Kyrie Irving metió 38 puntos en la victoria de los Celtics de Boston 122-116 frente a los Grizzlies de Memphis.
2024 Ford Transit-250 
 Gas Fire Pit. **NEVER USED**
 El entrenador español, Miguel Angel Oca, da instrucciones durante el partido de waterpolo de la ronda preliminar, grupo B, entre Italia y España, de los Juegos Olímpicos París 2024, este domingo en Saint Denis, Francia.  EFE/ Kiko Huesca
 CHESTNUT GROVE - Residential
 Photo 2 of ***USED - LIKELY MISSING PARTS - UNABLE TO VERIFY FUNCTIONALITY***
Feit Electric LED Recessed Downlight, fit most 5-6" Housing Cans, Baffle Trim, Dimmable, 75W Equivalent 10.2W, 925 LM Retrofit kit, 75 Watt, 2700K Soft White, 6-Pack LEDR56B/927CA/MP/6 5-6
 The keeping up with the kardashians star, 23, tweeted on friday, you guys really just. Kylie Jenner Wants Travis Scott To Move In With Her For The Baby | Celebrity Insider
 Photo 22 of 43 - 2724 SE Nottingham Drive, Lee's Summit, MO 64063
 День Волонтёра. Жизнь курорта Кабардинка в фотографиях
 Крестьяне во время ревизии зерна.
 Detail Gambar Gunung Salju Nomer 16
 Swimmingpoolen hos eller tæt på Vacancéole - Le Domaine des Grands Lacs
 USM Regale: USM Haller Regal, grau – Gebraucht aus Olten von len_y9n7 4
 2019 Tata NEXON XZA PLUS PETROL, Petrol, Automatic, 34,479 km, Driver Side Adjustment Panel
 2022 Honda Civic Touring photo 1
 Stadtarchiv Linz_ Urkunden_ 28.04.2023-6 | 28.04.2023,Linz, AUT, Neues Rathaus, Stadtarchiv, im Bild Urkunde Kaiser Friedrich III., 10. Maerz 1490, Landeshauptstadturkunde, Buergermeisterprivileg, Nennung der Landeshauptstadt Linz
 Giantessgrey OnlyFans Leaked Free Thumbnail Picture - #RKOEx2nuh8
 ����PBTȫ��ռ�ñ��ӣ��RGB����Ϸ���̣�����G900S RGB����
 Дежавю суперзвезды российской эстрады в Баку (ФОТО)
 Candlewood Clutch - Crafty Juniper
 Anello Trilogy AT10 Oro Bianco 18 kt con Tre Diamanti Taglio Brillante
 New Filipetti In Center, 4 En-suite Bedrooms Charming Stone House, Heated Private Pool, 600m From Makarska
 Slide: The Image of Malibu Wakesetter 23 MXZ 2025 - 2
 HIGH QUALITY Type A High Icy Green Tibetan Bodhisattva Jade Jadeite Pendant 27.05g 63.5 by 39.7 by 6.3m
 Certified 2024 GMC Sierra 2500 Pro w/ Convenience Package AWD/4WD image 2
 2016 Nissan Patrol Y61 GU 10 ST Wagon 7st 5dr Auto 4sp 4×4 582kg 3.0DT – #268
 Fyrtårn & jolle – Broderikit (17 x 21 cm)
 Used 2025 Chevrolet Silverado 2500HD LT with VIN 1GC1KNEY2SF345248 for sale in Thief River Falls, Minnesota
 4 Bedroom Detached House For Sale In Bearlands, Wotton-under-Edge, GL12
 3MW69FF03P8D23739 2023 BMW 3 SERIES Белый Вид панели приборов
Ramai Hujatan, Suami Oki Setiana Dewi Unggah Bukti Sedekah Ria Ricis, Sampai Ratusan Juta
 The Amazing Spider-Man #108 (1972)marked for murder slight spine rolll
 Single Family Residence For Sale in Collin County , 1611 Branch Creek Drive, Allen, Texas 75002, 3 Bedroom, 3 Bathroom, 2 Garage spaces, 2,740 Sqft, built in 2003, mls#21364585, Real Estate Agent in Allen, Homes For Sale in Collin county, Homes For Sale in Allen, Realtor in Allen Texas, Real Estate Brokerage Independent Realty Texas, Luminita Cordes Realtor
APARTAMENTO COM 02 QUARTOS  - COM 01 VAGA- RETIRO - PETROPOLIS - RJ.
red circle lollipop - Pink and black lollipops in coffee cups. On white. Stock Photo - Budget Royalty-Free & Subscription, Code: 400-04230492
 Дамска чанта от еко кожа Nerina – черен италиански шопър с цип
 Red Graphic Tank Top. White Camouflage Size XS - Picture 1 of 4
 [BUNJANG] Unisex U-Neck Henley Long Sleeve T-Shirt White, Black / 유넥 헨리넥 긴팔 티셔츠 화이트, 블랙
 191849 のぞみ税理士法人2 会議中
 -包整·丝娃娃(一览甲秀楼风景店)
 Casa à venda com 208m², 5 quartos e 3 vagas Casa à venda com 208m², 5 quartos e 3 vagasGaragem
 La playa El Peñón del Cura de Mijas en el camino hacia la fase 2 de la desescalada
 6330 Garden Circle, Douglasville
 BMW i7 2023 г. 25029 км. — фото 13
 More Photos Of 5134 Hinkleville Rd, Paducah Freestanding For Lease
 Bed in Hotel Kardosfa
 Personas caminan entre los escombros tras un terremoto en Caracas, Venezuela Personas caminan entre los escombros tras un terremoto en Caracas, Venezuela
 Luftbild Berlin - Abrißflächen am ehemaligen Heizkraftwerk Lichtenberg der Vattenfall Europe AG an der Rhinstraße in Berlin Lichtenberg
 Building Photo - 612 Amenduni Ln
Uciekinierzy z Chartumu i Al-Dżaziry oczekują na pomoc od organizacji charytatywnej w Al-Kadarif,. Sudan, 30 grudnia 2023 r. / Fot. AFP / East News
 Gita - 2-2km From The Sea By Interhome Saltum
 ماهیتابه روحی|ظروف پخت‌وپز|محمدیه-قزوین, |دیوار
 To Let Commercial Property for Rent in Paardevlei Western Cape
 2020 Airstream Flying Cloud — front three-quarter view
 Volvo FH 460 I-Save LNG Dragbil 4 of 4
=-=-=
Problem description —
Starting at the line where "To Let Commercial" appears, write out every line exactly as it stands until the listing ends, and add nothing.

Exercise answer —
 To Let Commercial Property for Rent in Paardevlei Western Cape
 2020 Airstream Flying Cloud — front three-quarter view
 Volvo FH 460 I-Save LNG Dragbil 4 of 4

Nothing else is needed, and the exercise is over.